Hinter reichlich Stacheldraht
Die Royal Mint liegt hinter reichlich Stacheldraht in einem Industriegebiet, in dem sich auch die Glamorgan-Brauerei angesiedelt hat, bekannt für Biere wie „Welsh Cake Stout“. Gäbe es keine Hinweisschilder, würde man nicht darauf kommen, was sich in den Fabrikhallen aus den 1970er Jahren befindet.
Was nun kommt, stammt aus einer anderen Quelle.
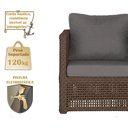 Ver imagem 4 de Mesa Centro e 4 Poltronas Madri Corda Náutica Estofado 11 Trama Original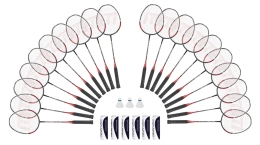 Badmintonset Megaform Gold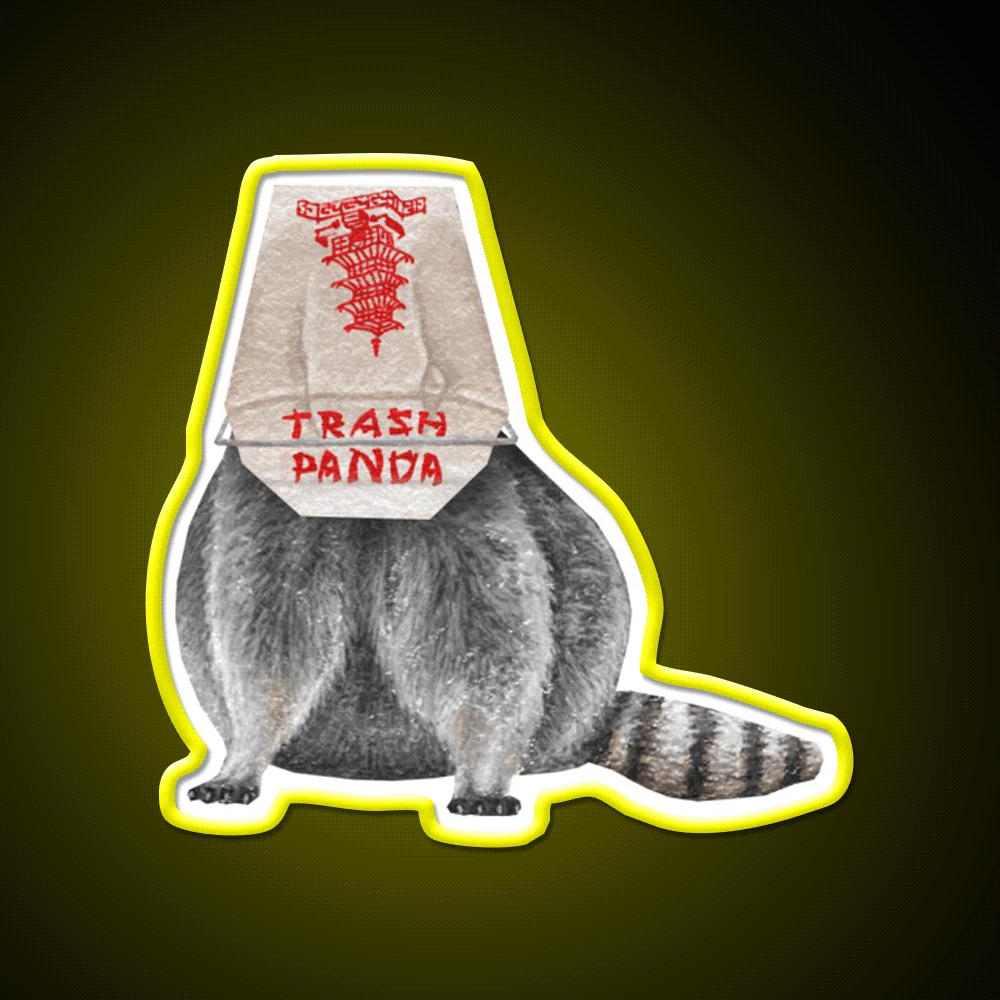 Trash Panda Led Neon Sign Chinese Food Rgb Color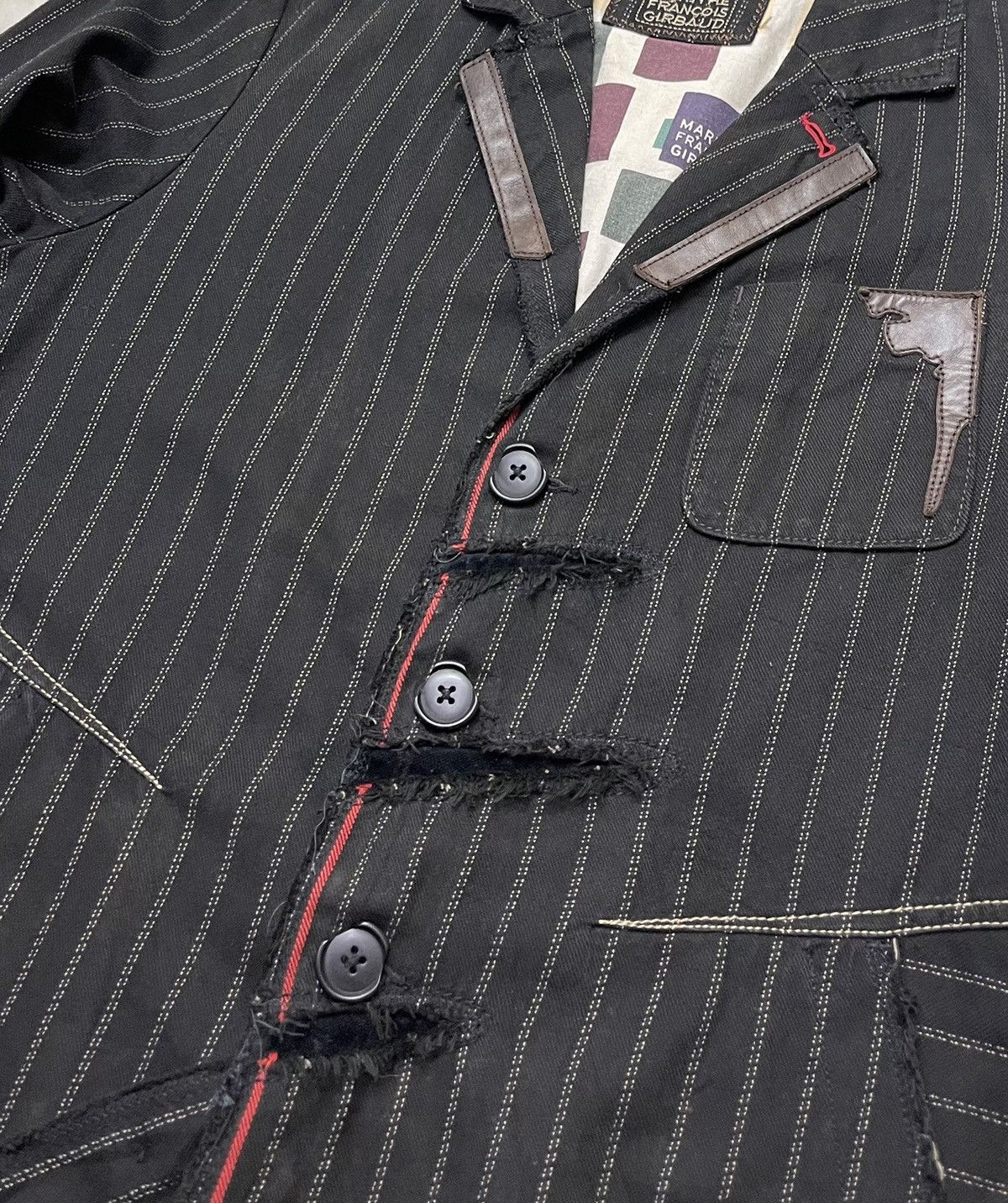 Marithe + Francois Girbaud MFG Stripe Chore Jacket Size US L / EU 52-54 / 3 - 18 Thumbnail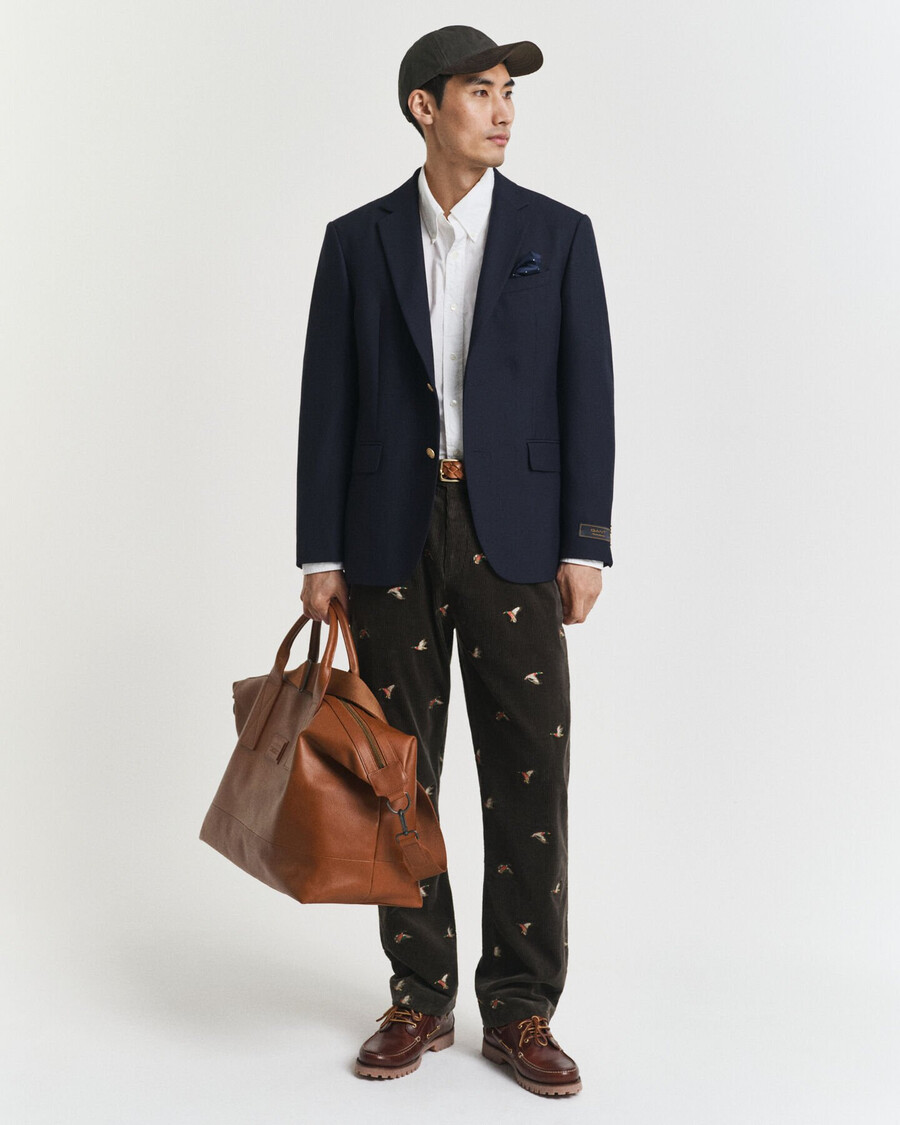 slim fit club bazer - blu sera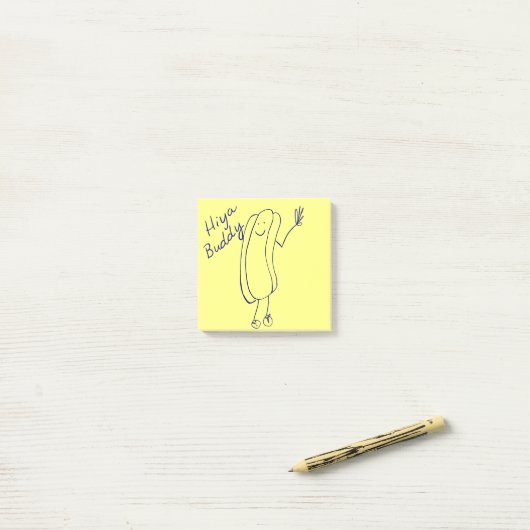 Post-It Notes Salut Copain (Sur un bureau)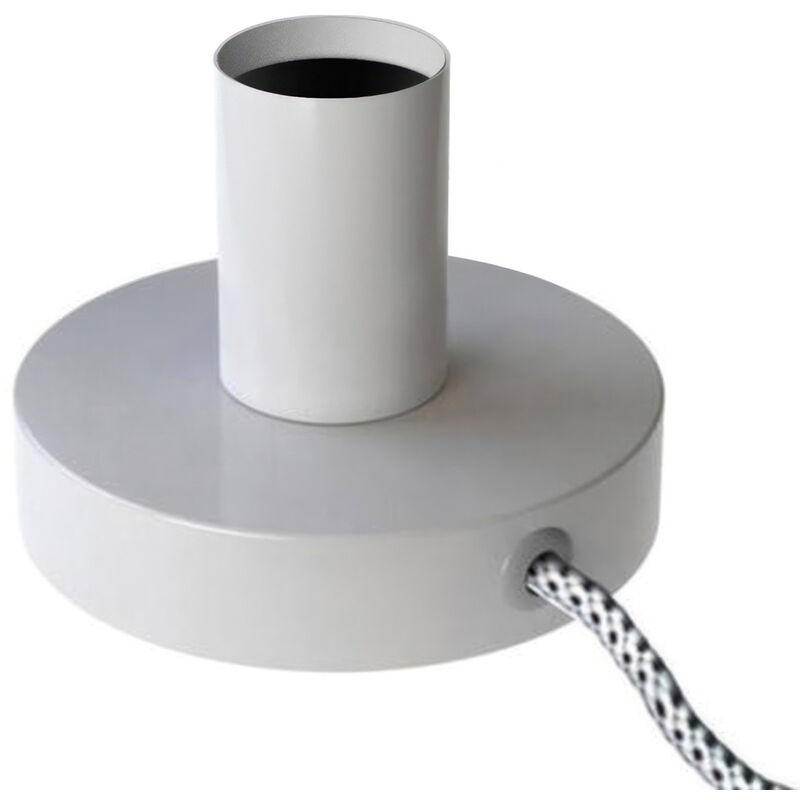 Creative Cables - Posaluce Metal, lámpara de mesa de metal completa con cable textil, interruptor y enchufe de 2 polos | Sin bombilla - Blanco
Creative Cables - Posaluce Metal, lámpara de mesa de metal completa con cable textil, interruptor y enchufe de 2 polos | Sin bombilla - Blanco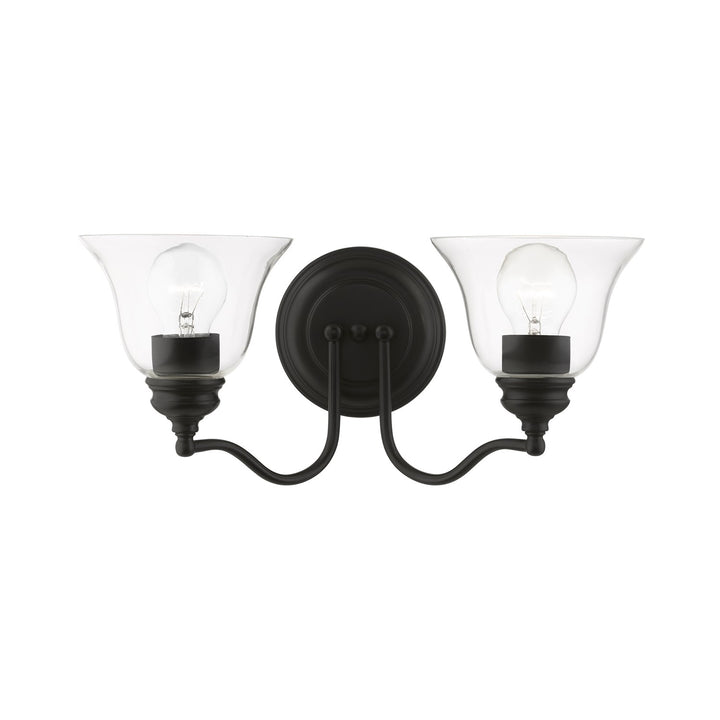 2 Light Black Vanity Sconce by Livex Lighting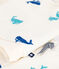 Babies' sweatshirt and trousers set in whale-print cotton MILK /MULTICO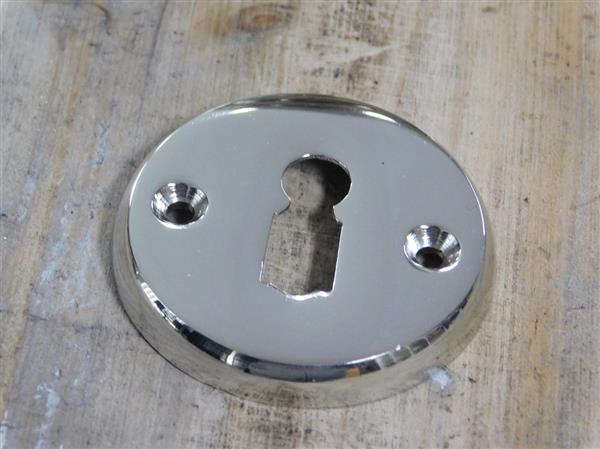 Grote foto dubbele deurknop gepolijst nikkel inclusief rozetten doe het zelf en verbouw materialen en producten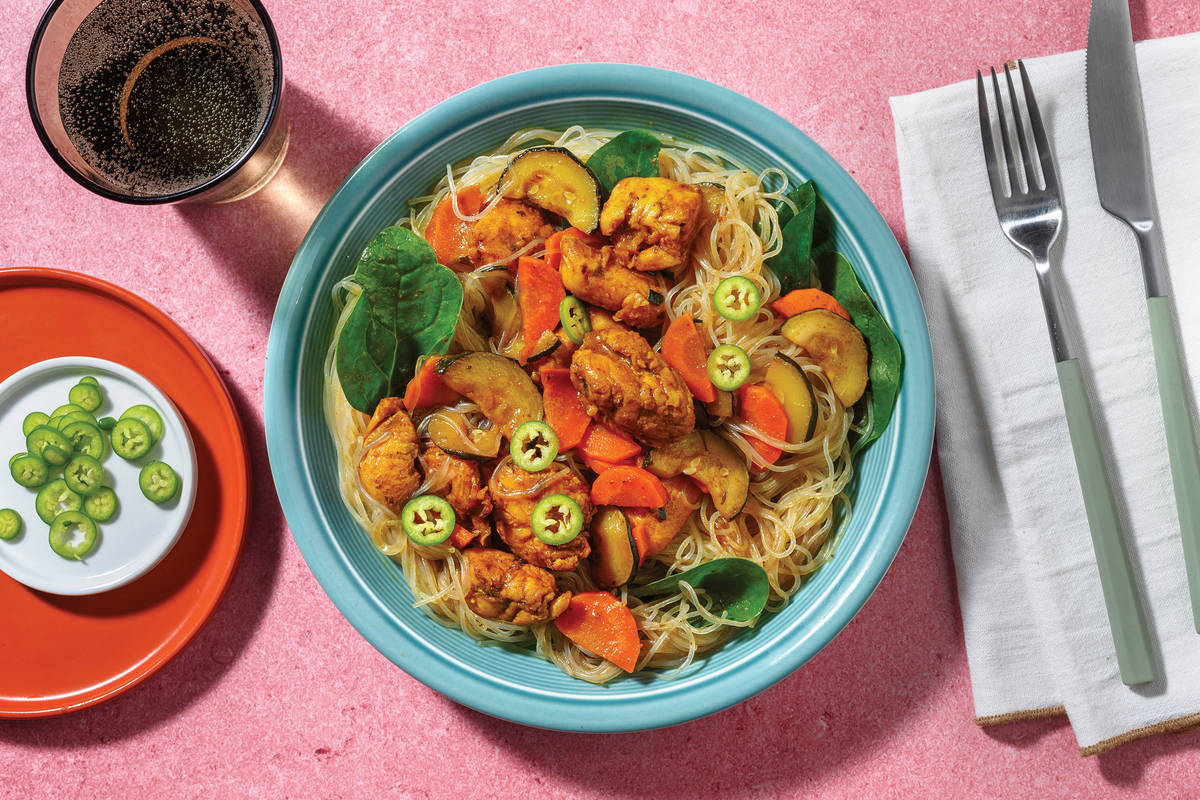 Easy Indonesian Chicken & Vermicelli Noodles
Durch die Führungen der Royal Mint erfährt man, warum die Produktion von Tower Hill in London in die südlichen Ausläufer der ehemaligen Bergbauregion Rhondda Valley verlegt wurde. Auf dem Gelände in Tower Hill soll nun die neue Botschaft der Volksrepublik China entstehen. Die Notwendigkeit eines Umzugs war bereits seit den 1950er Jahren klar. Die für 1971 geplante Dezimalisierung der imperialen Währung erzwang ihn schließlich. Man brauchte Platz für die Produktion von Hunderten Millionen von Münzen. Die Münzanstalt hat in Westeuropa die größten Kapazitäten.
Weniger Münzen benötigt
Von hier kamen neben britischem Kleingeld auch einmal die Rohlinge für irische Euro-Münzen. Die Royal Mint produzierte auch für eine ganze Reihe ausländischer Kunden, deren Flaggen die Wände der Produktionshalle zieren. Dort stehen unter anderem Schuler-Pressen herum. Es tut sich aber nicht viel.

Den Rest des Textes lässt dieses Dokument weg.